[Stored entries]
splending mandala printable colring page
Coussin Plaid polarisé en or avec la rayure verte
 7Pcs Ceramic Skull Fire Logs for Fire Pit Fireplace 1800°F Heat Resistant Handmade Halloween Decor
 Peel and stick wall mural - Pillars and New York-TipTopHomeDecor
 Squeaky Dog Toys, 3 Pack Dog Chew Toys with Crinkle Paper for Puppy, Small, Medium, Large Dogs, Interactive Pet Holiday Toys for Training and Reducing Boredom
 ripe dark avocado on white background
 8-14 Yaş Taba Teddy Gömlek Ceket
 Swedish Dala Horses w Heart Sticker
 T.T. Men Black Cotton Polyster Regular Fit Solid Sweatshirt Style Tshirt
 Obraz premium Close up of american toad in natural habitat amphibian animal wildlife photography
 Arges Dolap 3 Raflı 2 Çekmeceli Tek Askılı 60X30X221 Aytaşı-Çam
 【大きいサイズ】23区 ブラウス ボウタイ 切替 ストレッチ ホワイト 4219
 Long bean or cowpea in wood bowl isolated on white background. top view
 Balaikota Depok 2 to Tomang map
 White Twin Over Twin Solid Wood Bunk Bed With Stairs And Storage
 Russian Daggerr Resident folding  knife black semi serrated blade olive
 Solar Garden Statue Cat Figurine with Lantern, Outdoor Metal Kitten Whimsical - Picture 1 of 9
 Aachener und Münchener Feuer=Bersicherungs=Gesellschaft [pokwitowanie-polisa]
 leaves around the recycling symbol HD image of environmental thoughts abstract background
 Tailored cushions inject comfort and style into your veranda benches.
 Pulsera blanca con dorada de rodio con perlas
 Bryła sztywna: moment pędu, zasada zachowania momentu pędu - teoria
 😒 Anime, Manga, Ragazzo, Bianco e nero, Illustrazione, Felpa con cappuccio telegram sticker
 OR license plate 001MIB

What needs to be done: From the very first line of the data through the line with "ストレッチ ホワイト 4219" in it, please reproduce each line exactly and output nothing more.

Task response:
splending mandala printable colring page
Coussin Plaid polarisé en or avec la rayure verte
 7Pcs Ceramic Skull Fire Logs for Fire Pit Fireplace 1800°F Heat Resistant Handmade Halloween Decor
 Peel and stick wall mural - Pillars and New York-TipTopHomeDecor
 Squeaky Dog Toys, 3 Pack Dog Chew Toys with Crinkle Paper for Puppy, Small, Medium, Large Dogs, Interactive Pet Holiday Toys for Training and Reducing Boredom
 ripe dark avocado on white background
 8-14 Yaş Taba Teddy Gömlek Ceket
 Swedish Dala Horses w Heart Sticker
 T.T. Men Black Cotton Polyster Regular Fit Solid Sweatshirt Style Tshirt
 Obraz premium Close up of american toad in natural habitat amphibian animal wildlife photography
 Arges Dolap 3 Raflı 2 Çekmeceli Tek Askılı 60X30X221 Aytaşı-Çam
 【大きいサイズ】23区 ブラウス ボウタイ 切替 ストレッチ ホワイト 4219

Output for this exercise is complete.